In the early years, landscape more often than not supplied a backdrop for human drama, but subsequently Poussin's quest was to understand the natural elements, the movement of the heavens, and the relative vulnerability of both gods and men, an increasingly profound if unfulfilling investigation. 'Landscape with Orion' (itself the property of the Metropolitan Museum), reveals a deep, phantasmagoric investigation of the power of the colour green. As Richard Verdi said in the catalogue of 1995:
With its dense undergrowth and umbrageous trees, the picture is pervaded by an intoxicating range of greens that evoke nature in its primordial state. Scarcely less visionary is the composition of the scene, which violates all the conventions of classical art in its abrupt and mysterious spatial elisions and dramatic distortions of size. These combine to conjure forth thoughts of the most wondrous and inexplicable forces in nature and reveal the aged Poussin immersed in the mystery of creation and awed by its elemental power.1
The Royal Academy catalogue gave us the information that this work had once belonged to Reynolds, and had inspired two poems by Sacheverell Sitwell. Richard Verdi claims, and rightly, that this painting is actually, 'An allegory of the circulation of water in nature'.1 Today this painting epitomises the appeal that Poussin, especially in his later work, holds alike for contemporary curators, academia, and the broader public.
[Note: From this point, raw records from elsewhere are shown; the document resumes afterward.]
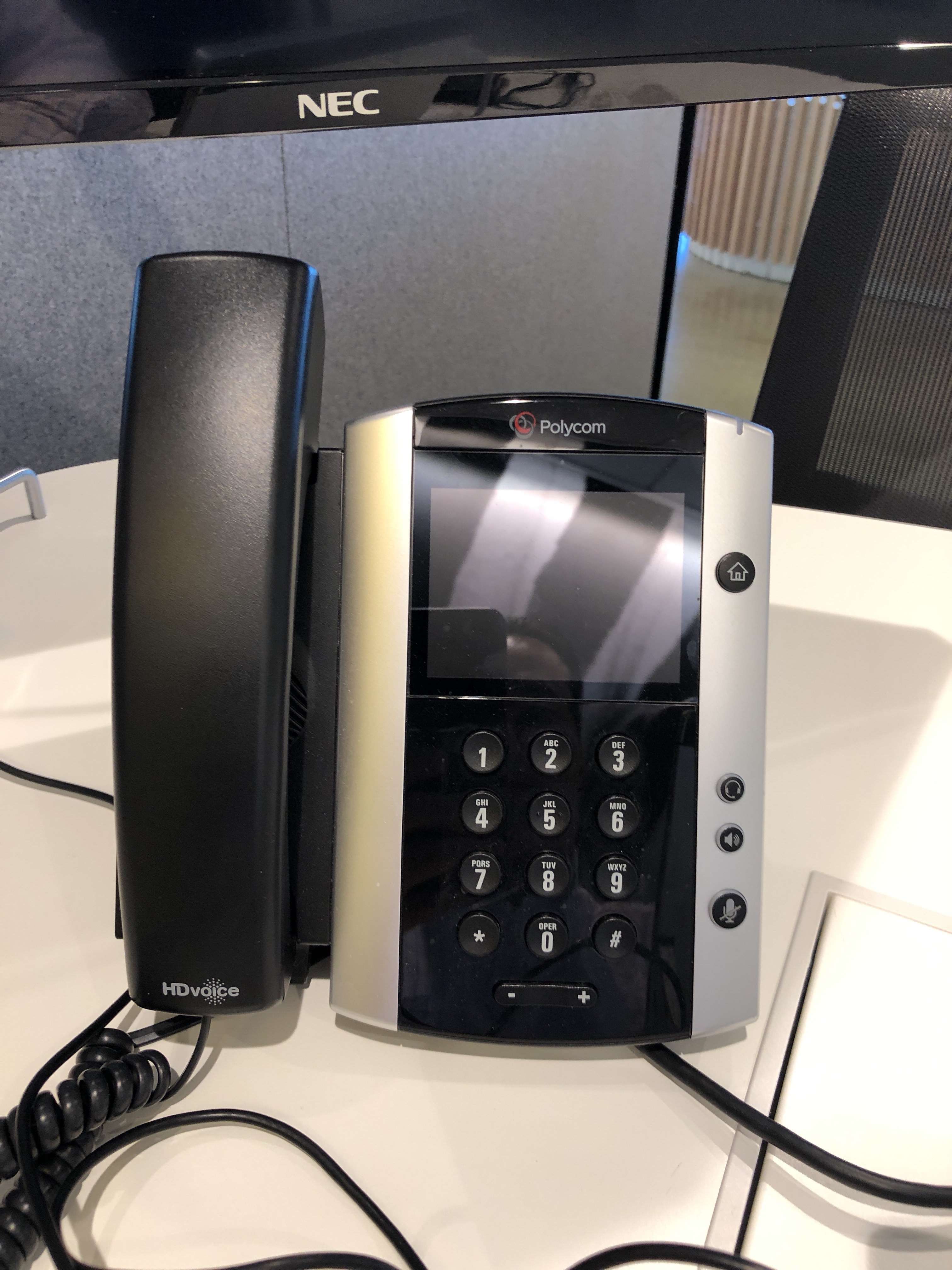 file.jpg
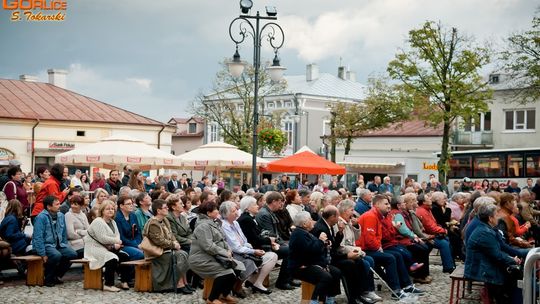 2014/08.24_biecz-Slawek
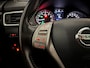 Nissan Qashqai 1.2 Tekna Automaat Leder | 1e Eigenaar | NAP | Panoramadak | 360° Camera | Trekhaak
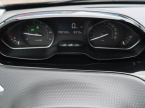 Peugeot 2008 - fotka číslo 10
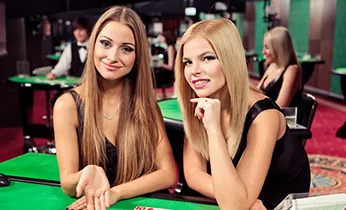 Hướng dẫn chơi bắn cá tại hs bet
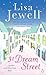 31 Dream Street by Lisa Jewell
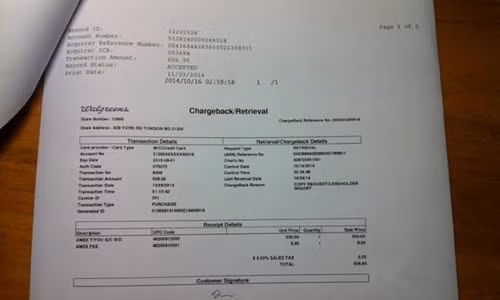 Tu dung mat 30 trieu trong tai khoan: VIB mac xac, con doi 100 trieu-Hinh-2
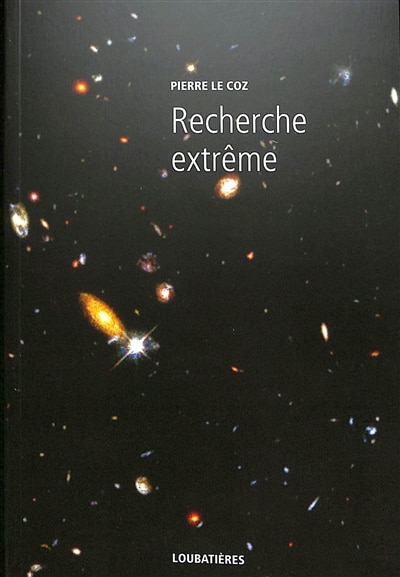 Couverture_Recherche extrême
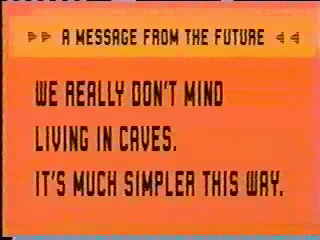 y3kcav001.gif
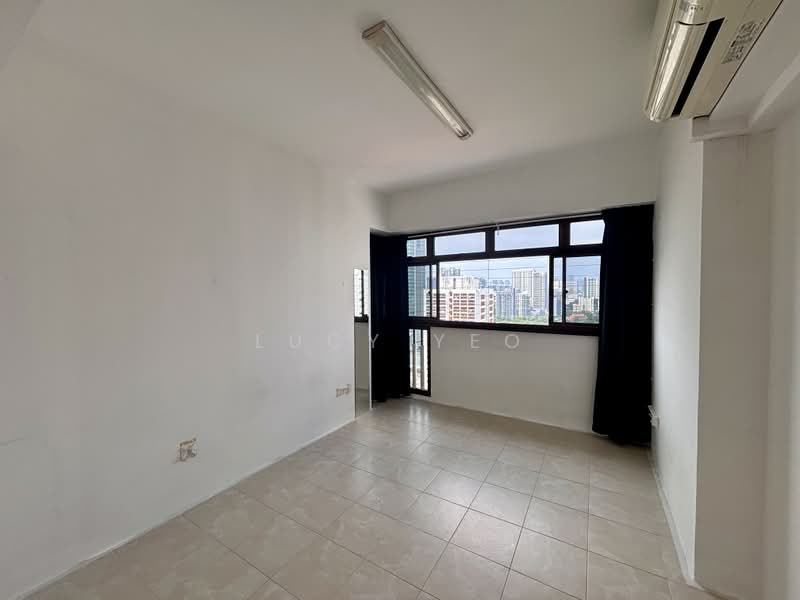 146 Lorong 2 Toa Payoh, 146 Lorong 2 Toa Payoh, 3 Bedrooms, 925 sqft, HDB Flat For Rent, by Lucy Yeo, 500223133 - View - PropertyGuru.com.sg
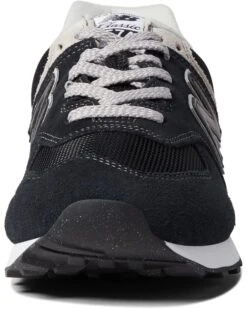 New Balance Classics 574 Core | Sneakers & Athletic Shoes -Every Shoe Fit 71ksCx6hZyL. AC SR736920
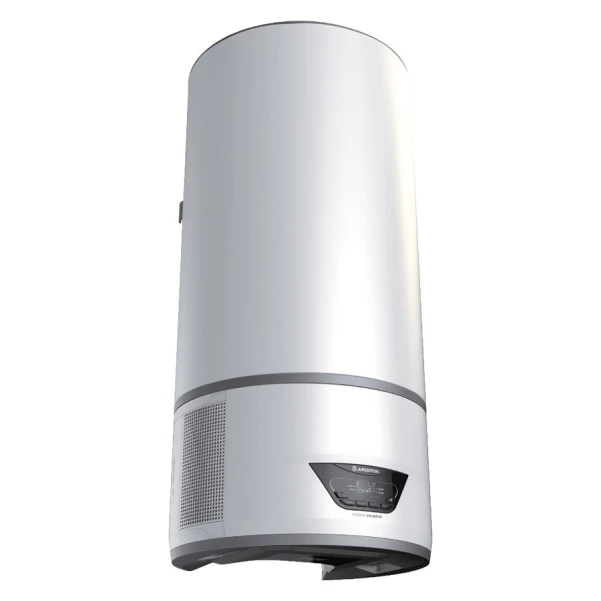 Бойлер ARISTON LYDOS HYBRID WI-FI 100 - 1 фото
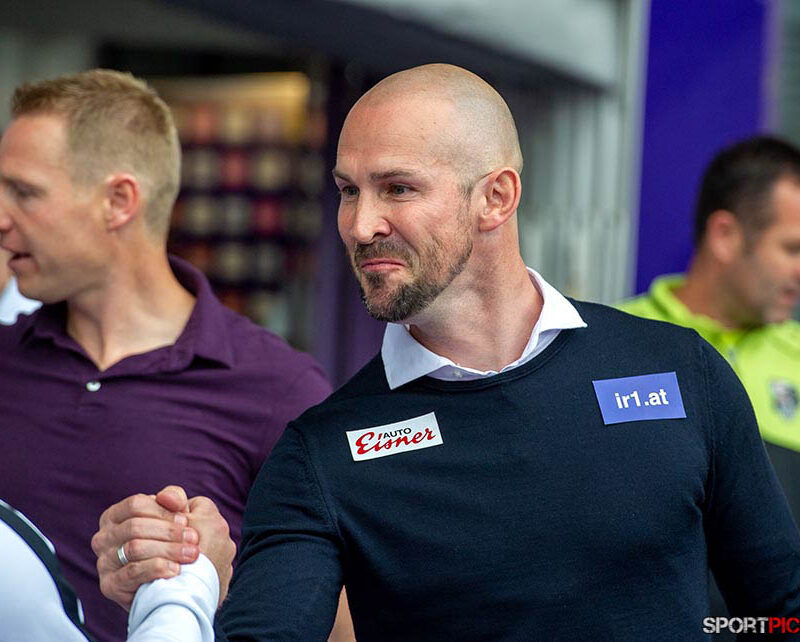 20190519-Austria Wien – WAC 19052019 (6)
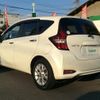 nissan note 2019 -NISSAN--Note DAA-HE12--HE12-305765---NISSAN--Note DAA-HE12--HE12-305765- image 15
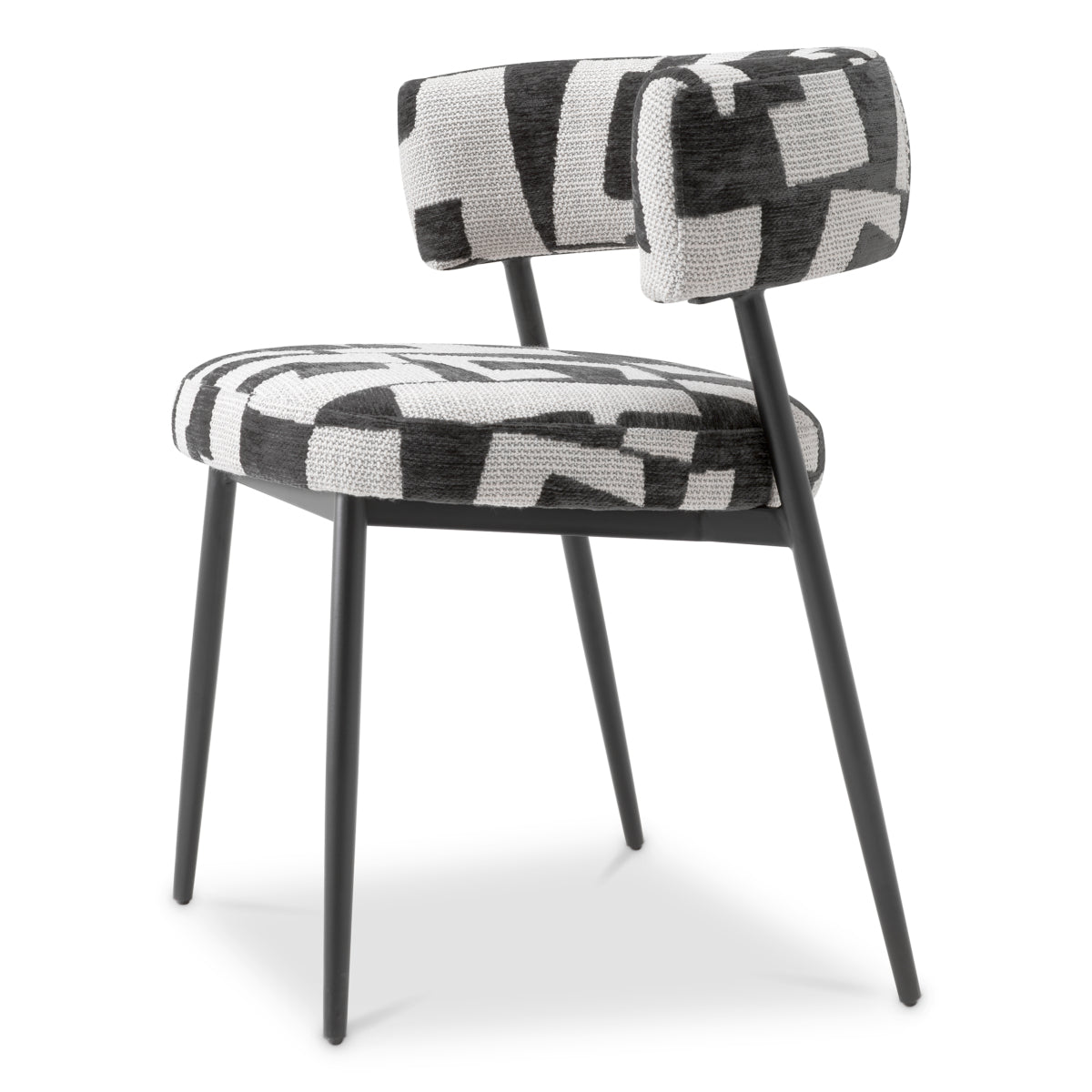 Eetkamerstoel Folsom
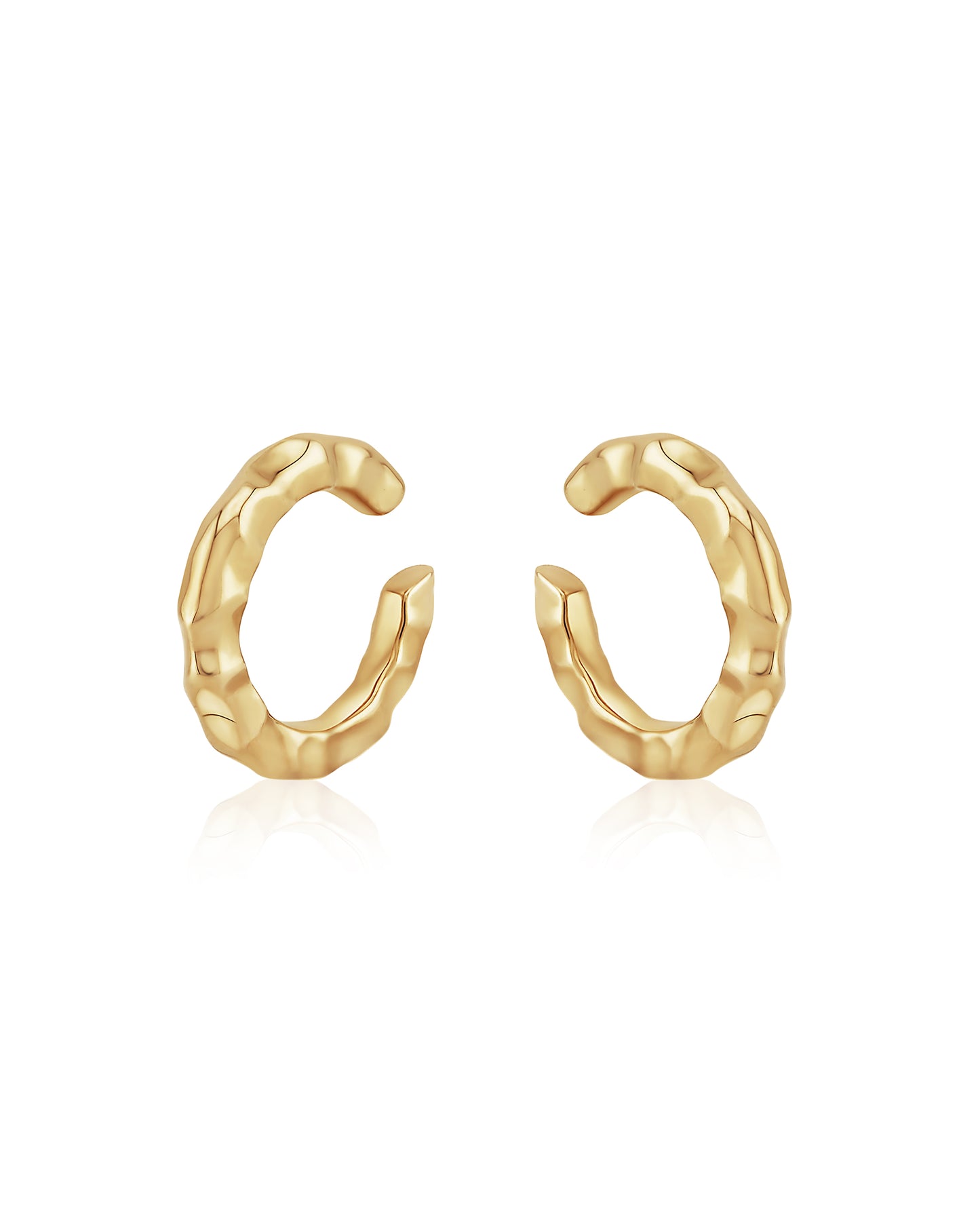 Lupa Cuff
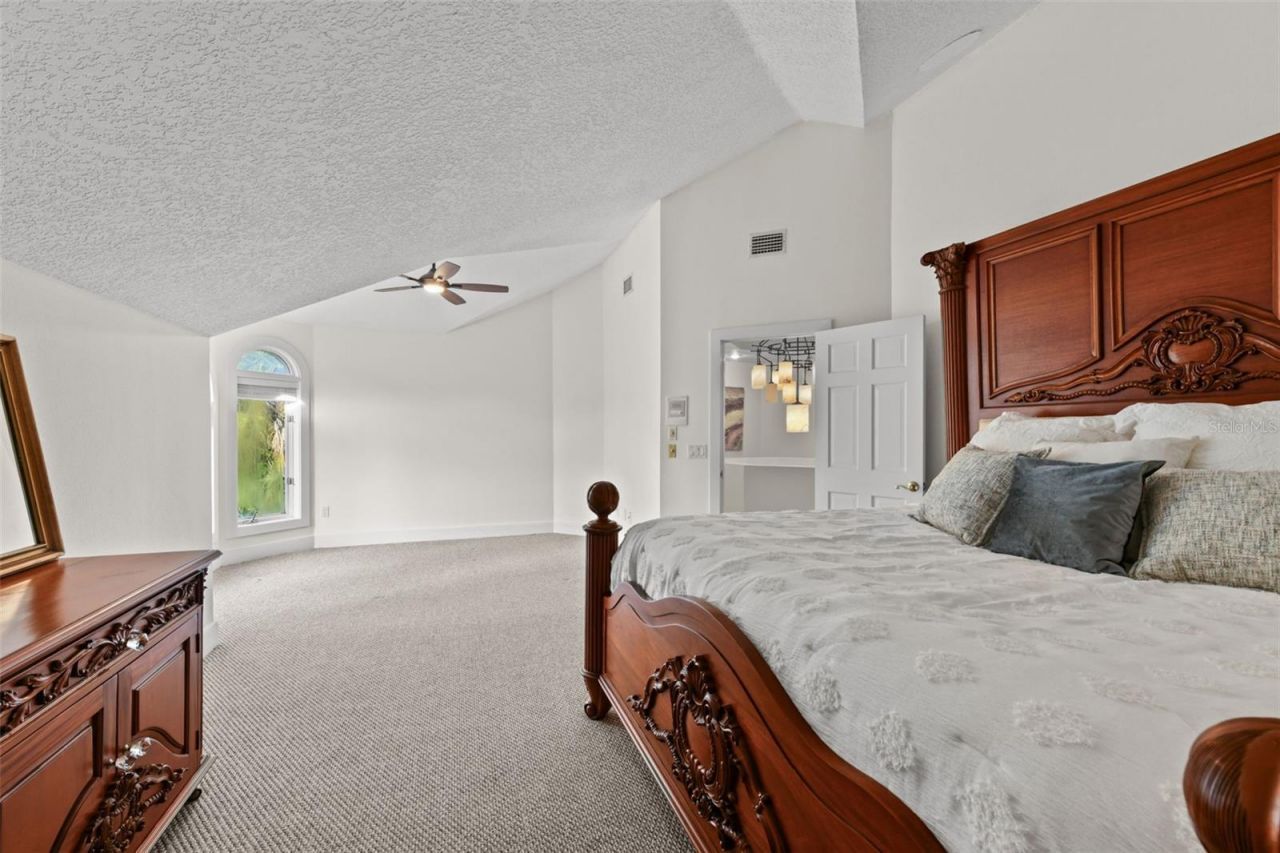 2113 Silver Leaf Court, Longwood, FL 32779 Photo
It is now at last realised widely as never before that the planet is under threat. Thus the focus of interest in Poussin's work has shifted from the primarily figurative and allegorical which characterised his earlier work to the environmental: this was indeed the sequence of Poussin's own investigative obsession. His ready familiarity with the classical language of Roman and Greek culture was moderated and channelled by his own Stoic philosophy. Reaching for tranquillity was a Stoic imperative; but 'tsunami' effects or twister traumas were beyond depiction by Poussin. We just have to feel that he recognised the potential of natural forces to precipitate unforeseen disaster.
It has been said frequently that Poussin gave us a dramatic new depth of focus, and the crowds thronging the Met (as they were in London and Paris earlier in the 1990s) are enthralled even more so by the extent to which Poussin developed a personal language of the sublime, wholly distinctive from that of his friend and neighbour Claude Lorrain. What is evident is the extent to which this quality and ethos was the artist's own way of constructing for himself and others a viable, plausible escape from the strife-torn world of the seventeenth century, via a new serendipidity. And of the man himself? We have only to examine Poussin's self-portrait in red chalk (completed in 1630 and owned by the British Museum), to realise the artist's own remorse at his pox-ridden physical predicament. He would increasingly seek to escape that reality while exchanging it for the sublime. It seems that Poussin had anticipated today's awe and trepidation at the planetary threat to human existence. His own mythological figures reiterate our own contemporary awareness of man's proneness to land himself in disaster, without recourse to redemption.
1. Richard Verdi. Nicolas Poussin. London: Zwemmer, 1995.